→ **Materials provided**

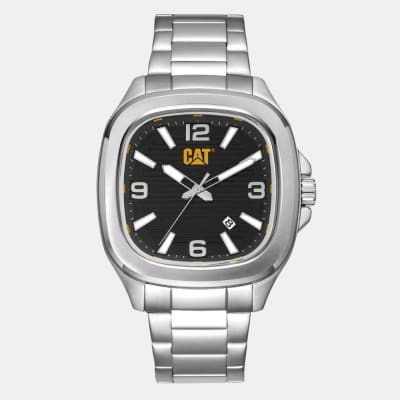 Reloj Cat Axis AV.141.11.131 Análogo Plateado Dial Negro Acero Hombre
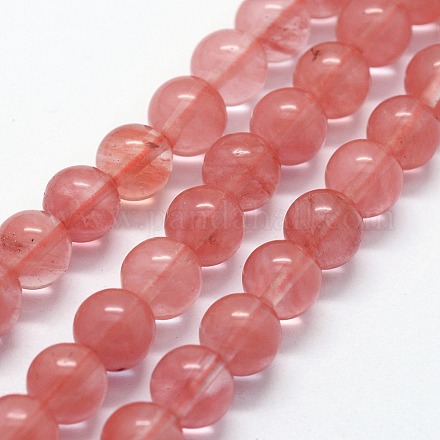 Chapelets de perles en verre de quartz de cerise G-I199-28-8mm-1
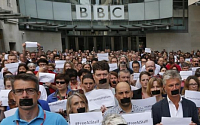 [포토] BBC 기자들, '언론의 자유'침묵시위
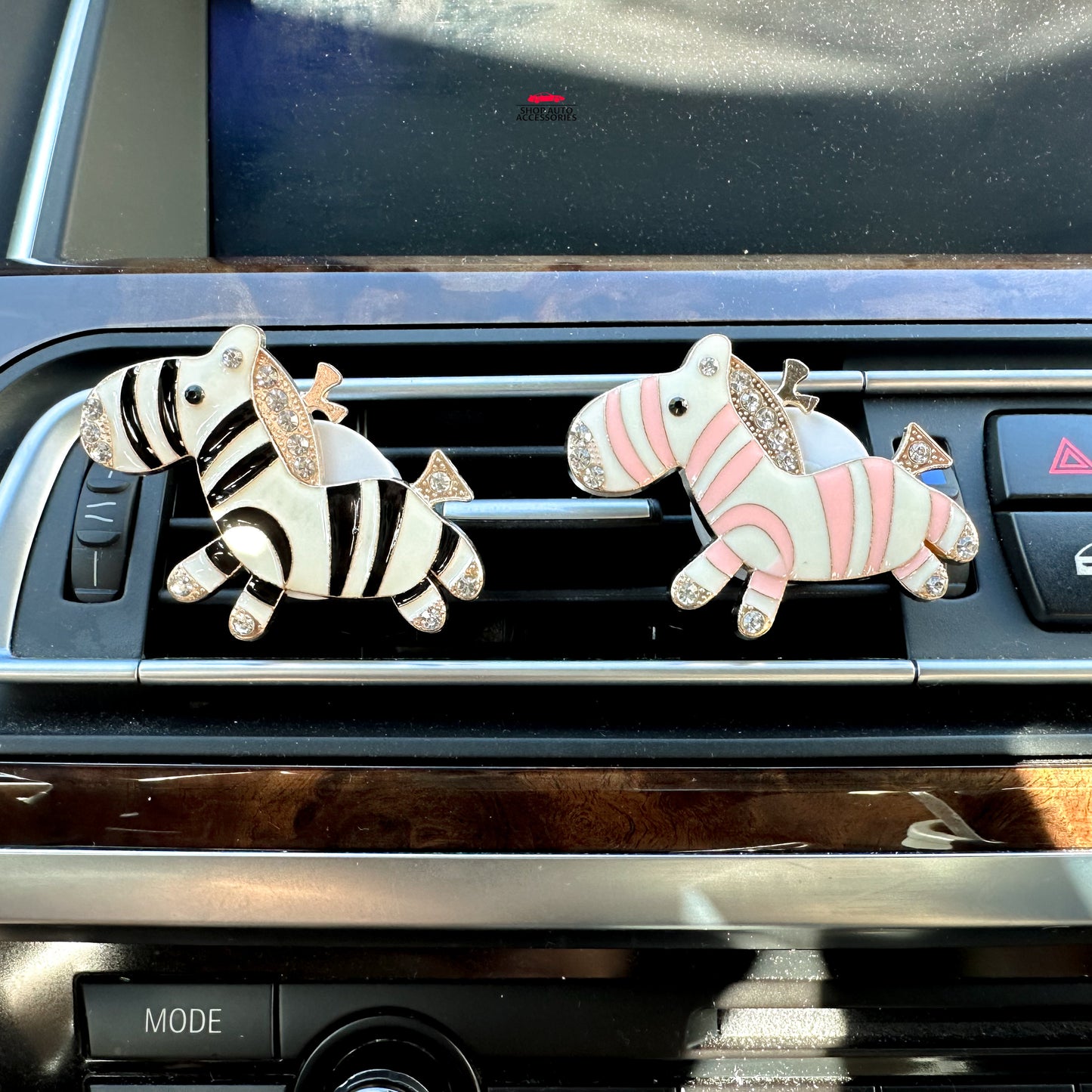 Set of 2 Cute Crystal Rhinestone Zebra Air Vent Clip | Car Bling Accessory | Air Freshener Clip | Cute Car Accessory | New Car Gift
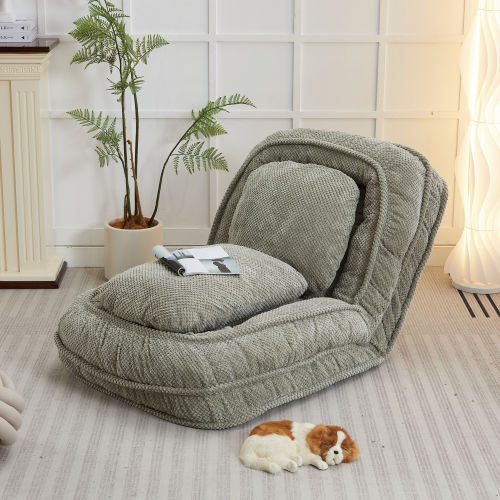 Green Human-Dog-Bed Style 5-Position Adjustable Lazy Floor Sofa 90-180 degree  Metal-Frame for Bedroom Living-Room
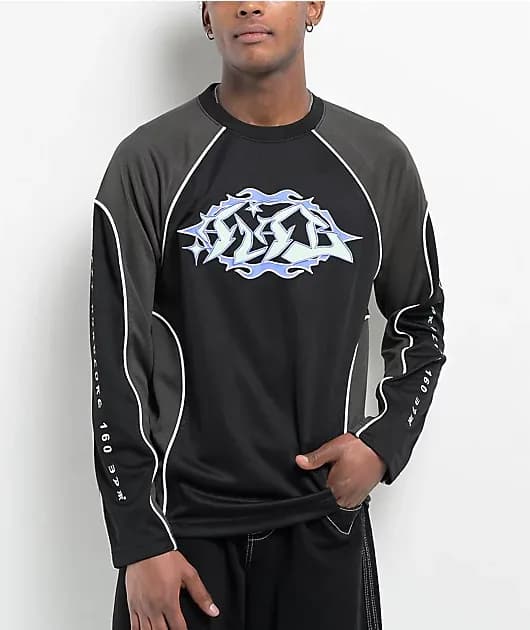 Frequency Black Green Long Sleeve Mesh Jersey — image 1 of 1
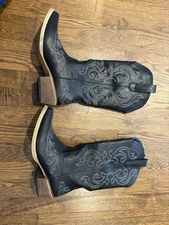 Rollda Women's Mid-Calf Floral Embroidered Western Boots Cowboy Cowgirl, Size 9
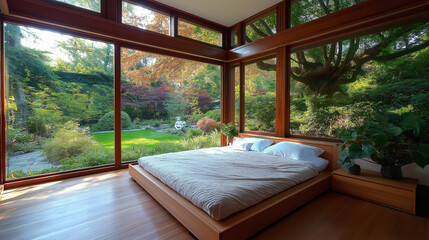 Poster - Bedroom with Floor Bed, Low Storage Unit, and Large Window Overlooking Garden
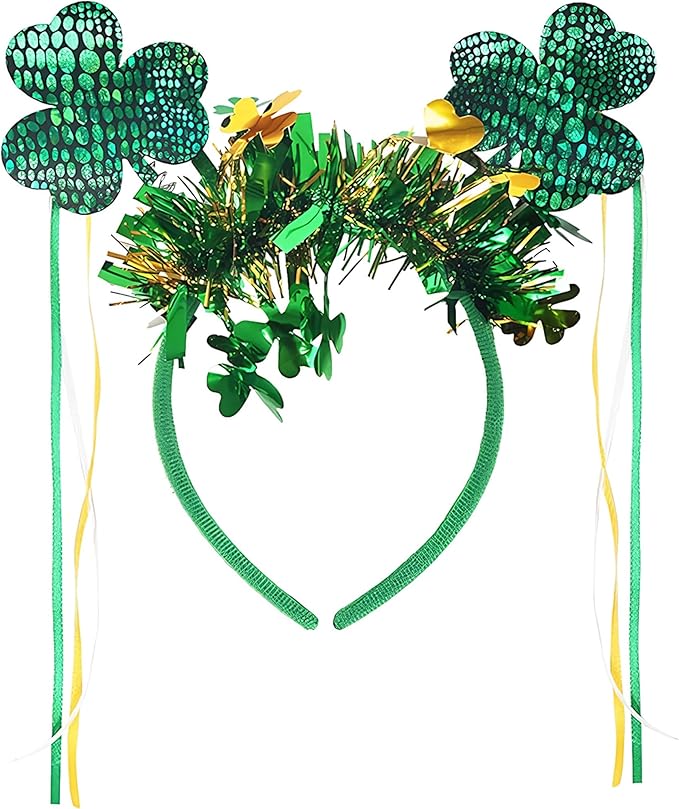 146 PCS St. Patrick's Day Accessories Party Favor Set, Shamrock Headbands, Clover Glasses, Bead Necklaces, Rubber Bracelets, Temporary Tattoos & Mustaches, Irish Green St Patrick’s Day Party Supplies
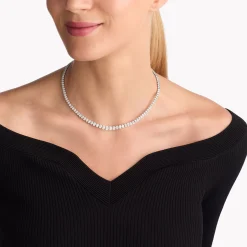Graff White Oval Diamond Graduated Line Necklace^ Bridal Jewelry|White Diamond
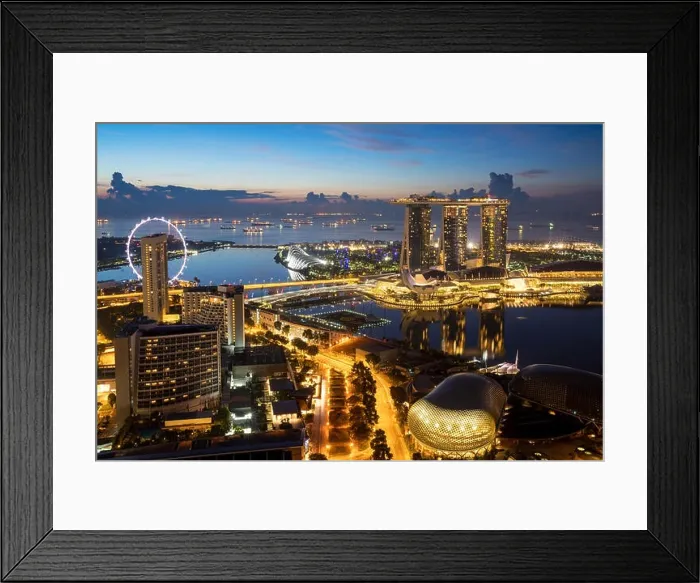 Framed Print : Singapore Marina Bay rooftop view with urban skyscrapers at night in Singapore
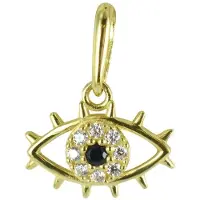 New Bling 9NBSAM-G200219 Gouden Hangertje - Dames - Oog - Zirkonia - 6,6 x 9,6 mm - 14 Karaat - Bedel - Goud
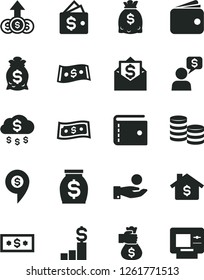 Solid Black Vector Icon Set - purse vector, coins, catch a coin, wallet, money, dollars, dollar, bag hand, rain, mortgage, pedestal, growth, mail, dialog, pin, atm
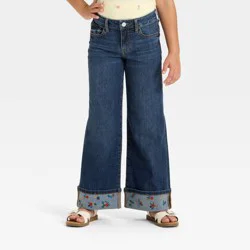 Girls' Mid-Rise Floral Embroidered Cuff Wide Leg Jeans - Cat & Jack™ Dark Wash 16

...

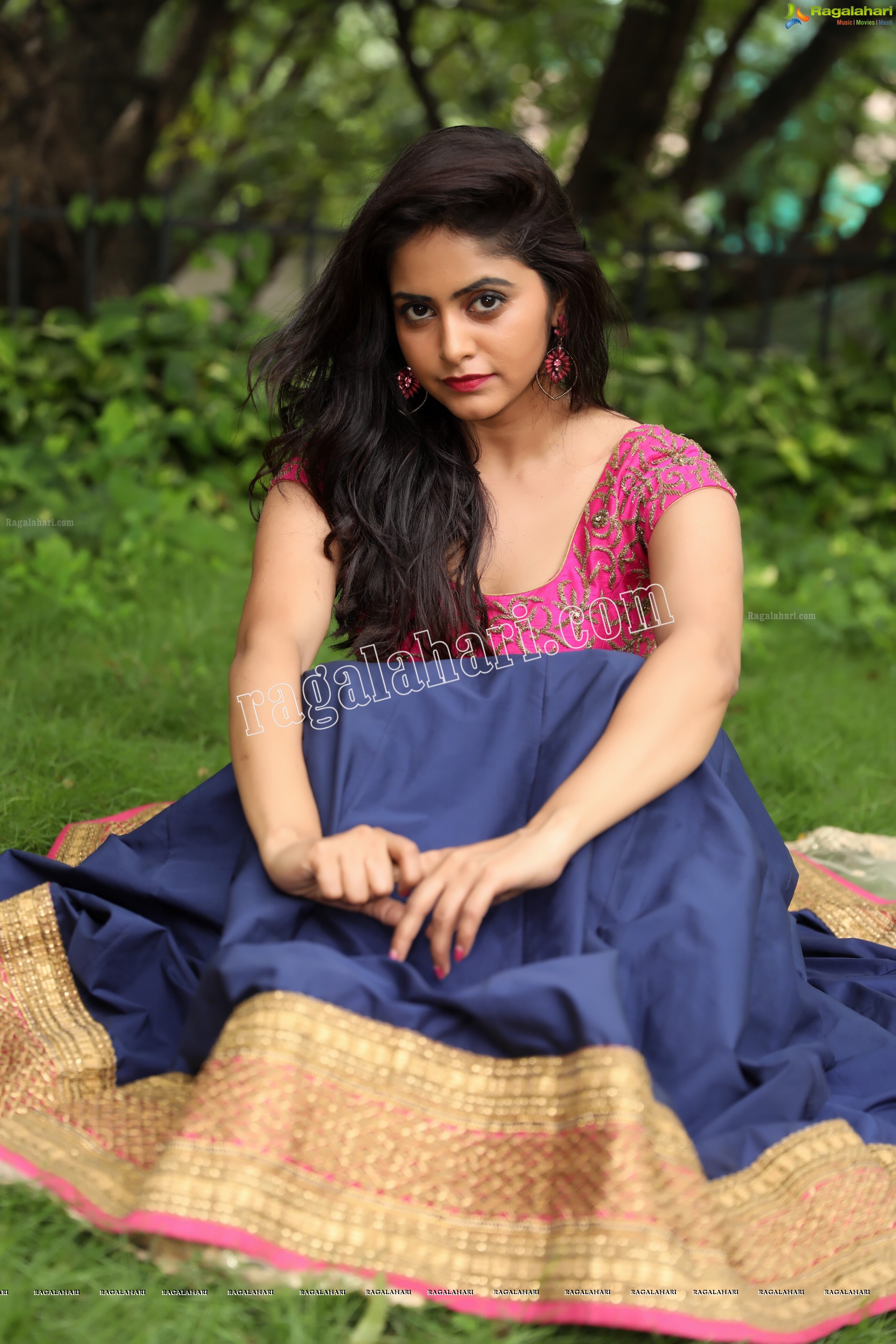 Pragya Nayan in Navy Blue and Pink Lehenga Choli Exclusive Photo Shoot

==

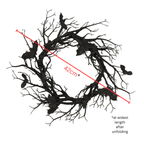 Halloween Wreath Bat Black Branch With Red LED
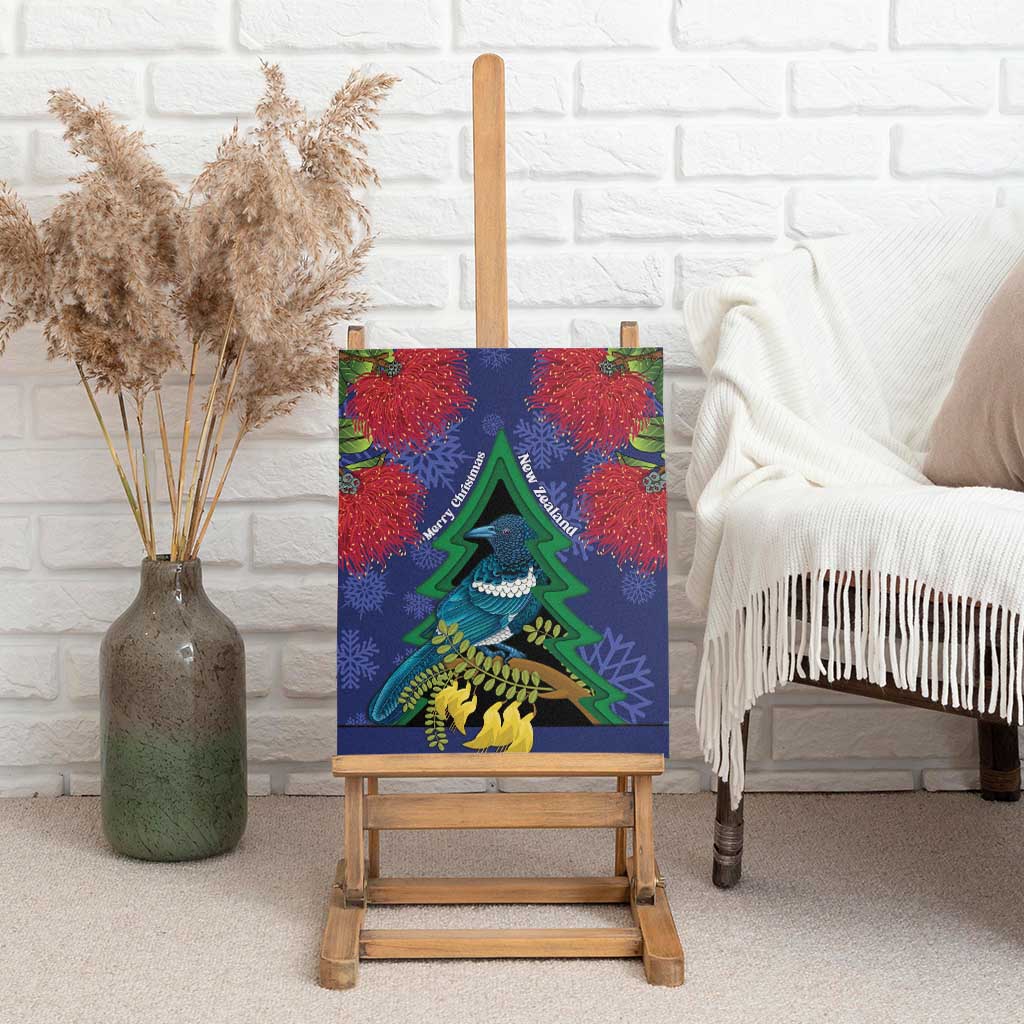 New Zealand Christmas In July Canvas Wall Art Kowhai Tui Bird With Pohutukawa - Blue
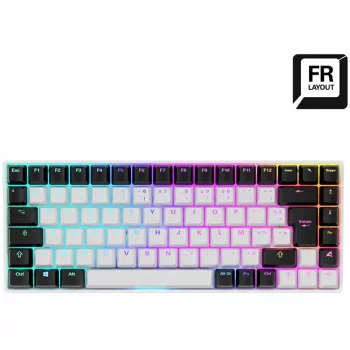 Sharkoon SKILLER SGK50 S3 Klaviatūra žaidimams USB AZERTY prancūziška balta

→ **Assigned task**
Repeat the lines above exactly, beginning with the one containing "Chapelets de perles" and finishing with the one containing "Green Human-Dog-Bed Style". No pictures belong in the copy.

→ **Solved problem**
 Chapelets de perles en verre de quartz de cerise G-I199-28-8mm-1
 [포토] BBC 기자들, '언론의 자유'침묵시위
 Set of 2 Cute Crystal Rhinestone Zebra Air Vent Clip | Car Bling Accessory | Air Freshener Clip | Cute Car Accessory | New Car Gift
 Green Human-Dog-Bed Style 5-Position Adjustable Lazy Floor Sofa 90-180 degree  Metal-Frame for Bedroom Living-Room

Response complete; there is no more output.